** REQUIREMENT **
Copy word for word the lines in the records below, starting at the line with "Cover Xiaomi 12T/12T" and ending at the line with "PROFESSOR X -They Don't Know Jack (on vinyl)". Skip the pictures.

** DATA UNDER STUDY **
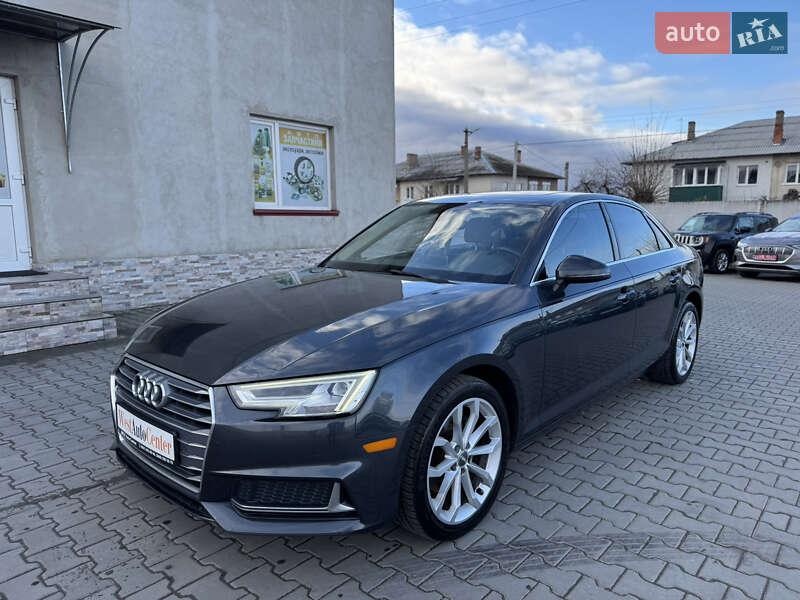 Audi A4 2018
--
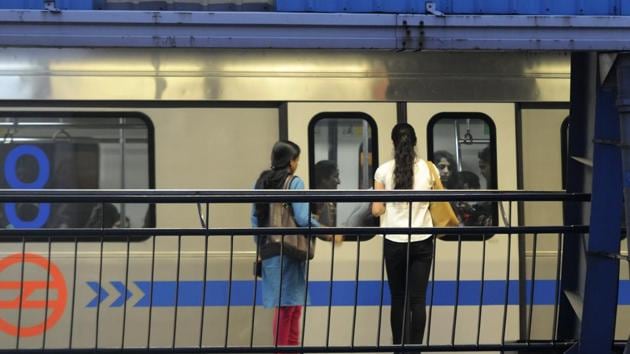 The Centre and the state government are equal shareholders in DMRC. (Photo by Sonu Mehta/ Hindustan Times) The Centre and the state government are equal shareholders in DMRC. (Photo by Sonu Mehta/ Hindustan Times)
==
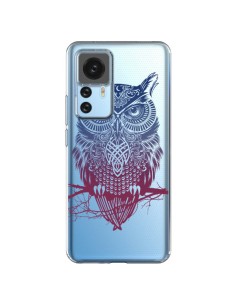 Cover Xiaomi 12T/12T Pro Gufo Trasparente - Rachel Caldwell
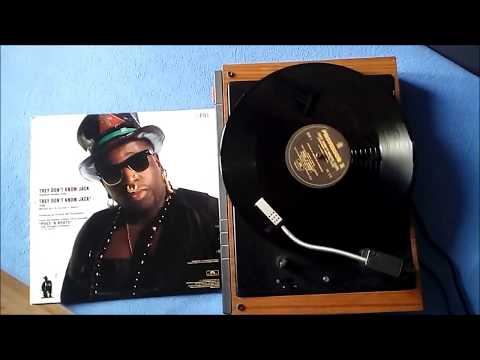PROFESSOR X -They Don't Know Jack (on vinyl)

** WRITTEN RESPONSE **
 Cover Xiaomi 12T/12T Pro Gufo Trasparente - Rachel Caldwell
PROFESSOR X -They Don't Know Jack (on vinyl)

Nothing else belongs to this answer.